About this task ▸ The answer must reproduce exactly the lines from the one with "Black padded sleeveless" through the end of the material, and it must contain no pictures.

[Opening Data provided section]

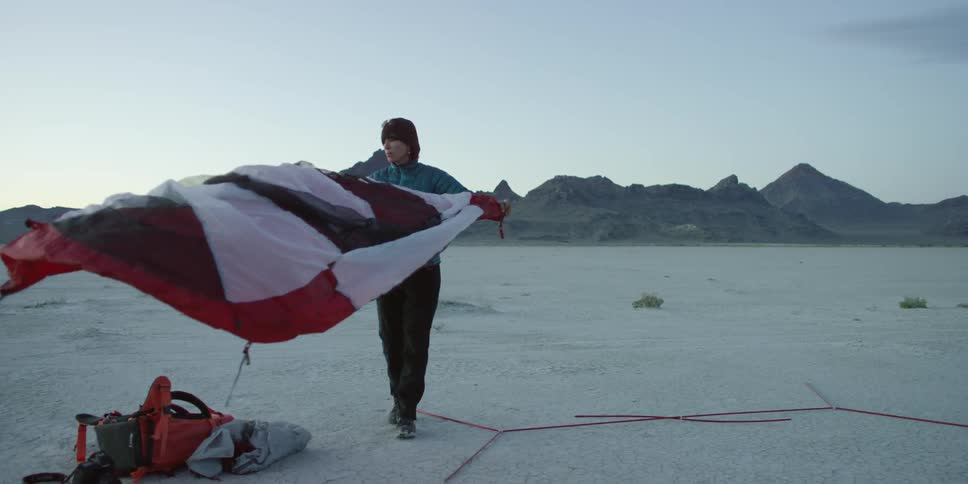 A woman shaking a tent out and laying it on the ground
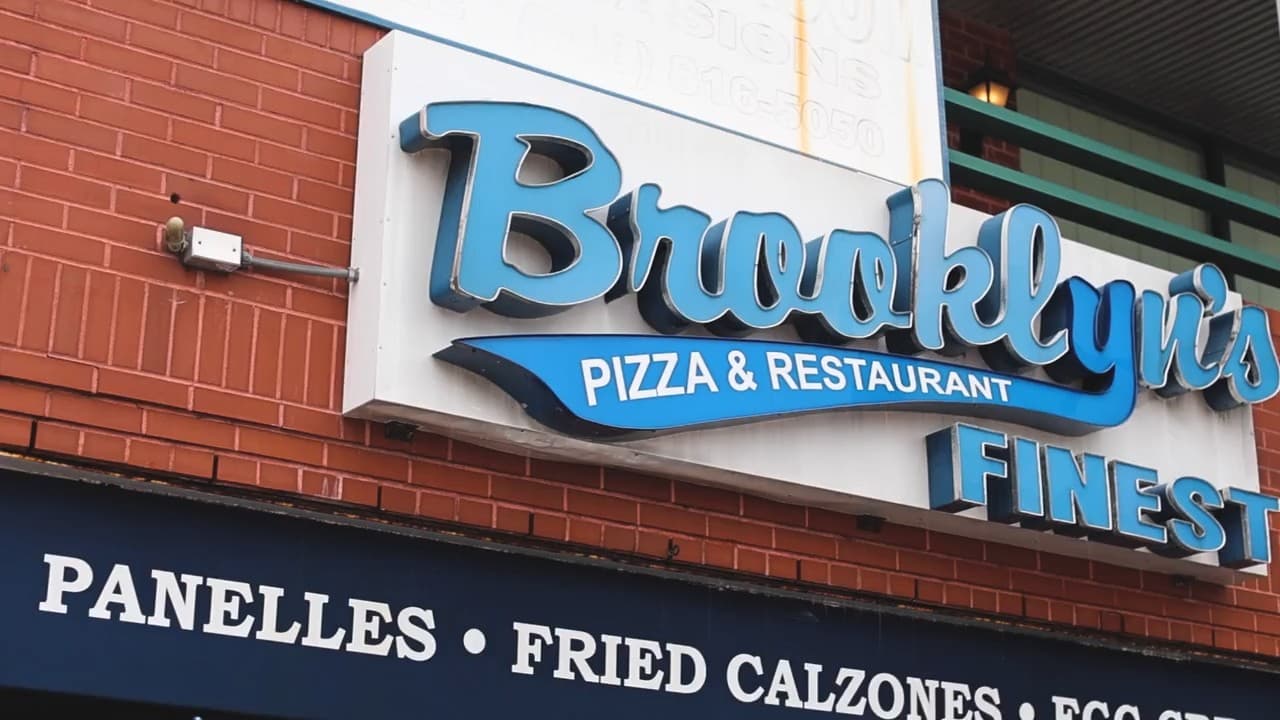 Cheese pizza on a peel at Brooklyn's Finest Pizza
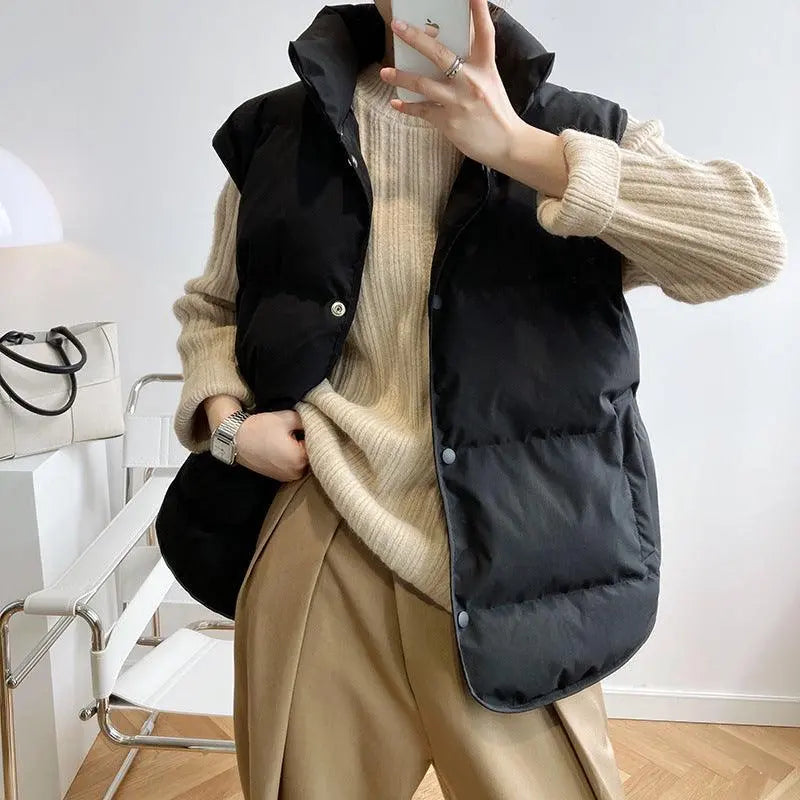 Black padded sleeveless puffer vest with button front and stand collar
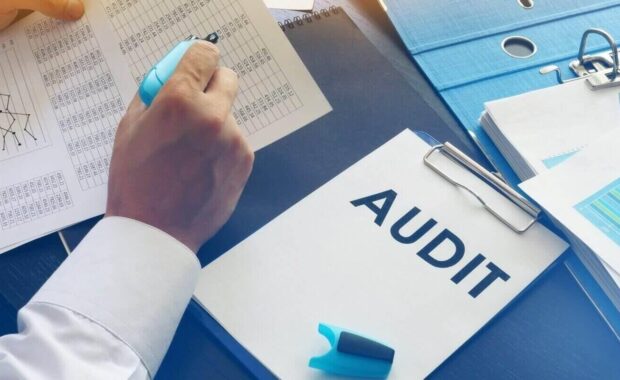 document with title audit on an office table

[Closing Data provided section]

Answer space ▸
 Black padded sleeveless puffer vest with button front and stand collar
 document with title audit on an office table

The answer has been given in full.